No interruption to airports : Federal Government wins bid to have industrial action suspended until after election

The Federal Government has won its bid to suspend strike action at the nation's airports for three months, on the basis the protests could endanger lives.

The Fair Work Commission has now ruled in favour of the department's application to suspend the action, sought by Border Force workers upset over pay and condition negotiations, beyond the likely July 2 federal election date.

According to the decision handed down by Fair Work commissioner Nick Wilson, the protected action had the potential to impact on the "frontline" of Australia's immigration and border protection efforts.

"It becomes foreseeable that criminal or terrorist opportunistic behaviours become more likely as a result, since systemic weaknesses can be more easily identified and exploited," the decision said.

"The evidence shows this risk is not merely foreseeable, but that such behaviour more than likely occurred within the recent period of protected industrial action."

The Department of Immigration and Border Protection and the Community and Public Sector Union have been involved in a protracted dispute over pay and conditions for Border Force staff.

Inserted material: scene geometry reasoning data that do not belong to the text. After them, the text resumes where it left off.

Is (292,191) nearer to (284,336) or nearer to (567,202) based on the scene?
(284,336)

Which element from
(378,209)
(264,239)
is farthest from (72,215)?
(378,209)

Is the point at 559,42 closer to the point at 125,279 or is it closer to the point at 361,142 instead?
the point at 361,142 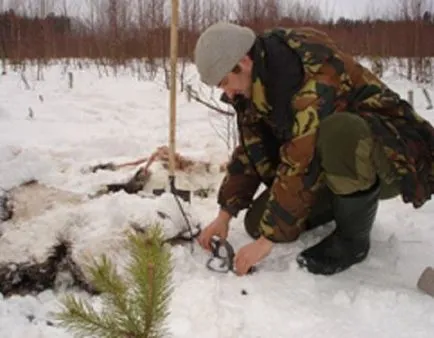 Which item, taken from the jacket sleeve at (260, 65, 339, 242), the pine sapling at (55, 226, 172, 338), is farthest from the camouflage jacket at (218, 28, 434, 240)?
the pine sapling at (55, 226, 172, 338)

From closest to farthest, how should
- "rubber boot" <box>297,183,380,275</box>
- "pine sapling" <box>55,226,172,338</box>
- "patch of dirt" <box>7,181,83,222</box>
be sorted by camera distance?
1. "pine sapling" <box>55,226,172,338</box>
2. "rubber boot" <box>297,183,380,275</box>
3. "patch of dirt" <box>7,181,83,222</box>

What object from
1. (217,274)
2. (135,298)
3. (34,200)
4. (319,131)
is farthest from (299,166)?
(34,200)

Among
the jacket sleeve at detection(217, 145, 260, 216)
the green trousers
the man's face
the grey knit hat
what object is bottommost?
the jacket sleeve at detection(217, 145, 260, 216)

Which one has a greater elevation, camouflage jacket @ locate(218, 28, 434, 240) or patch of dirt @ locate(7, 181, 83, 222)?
camouflage jacket @ locate(218, 28, 434, 240)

The union had been planning more than 20 separate strikes in March and April, including a 24-hour strike and rolling stoppages over Easter.

But after the Brussels Airport terrorist attacks, the union agreed to suspend its action temporarily.

The CPSU representative Rupert Evans said the "difficult decision" was taken partly because of concerns about airport security.

At the time, the Prime Minister said he had been assured there would be adequate security at the airports regardless but he implored the union not to go ahead with the strike.

"We strongly encourage them to rethink their call for industrial action and stay at work and pursue their complaints, their disagreements with the Government through other means," Malcolm Turnbull told Channel 7.

The Department called on the Fair Work Commission to institute a three-month suspension, arguing large-scale strikes would impede the ability for Border Force staff to perform their duties.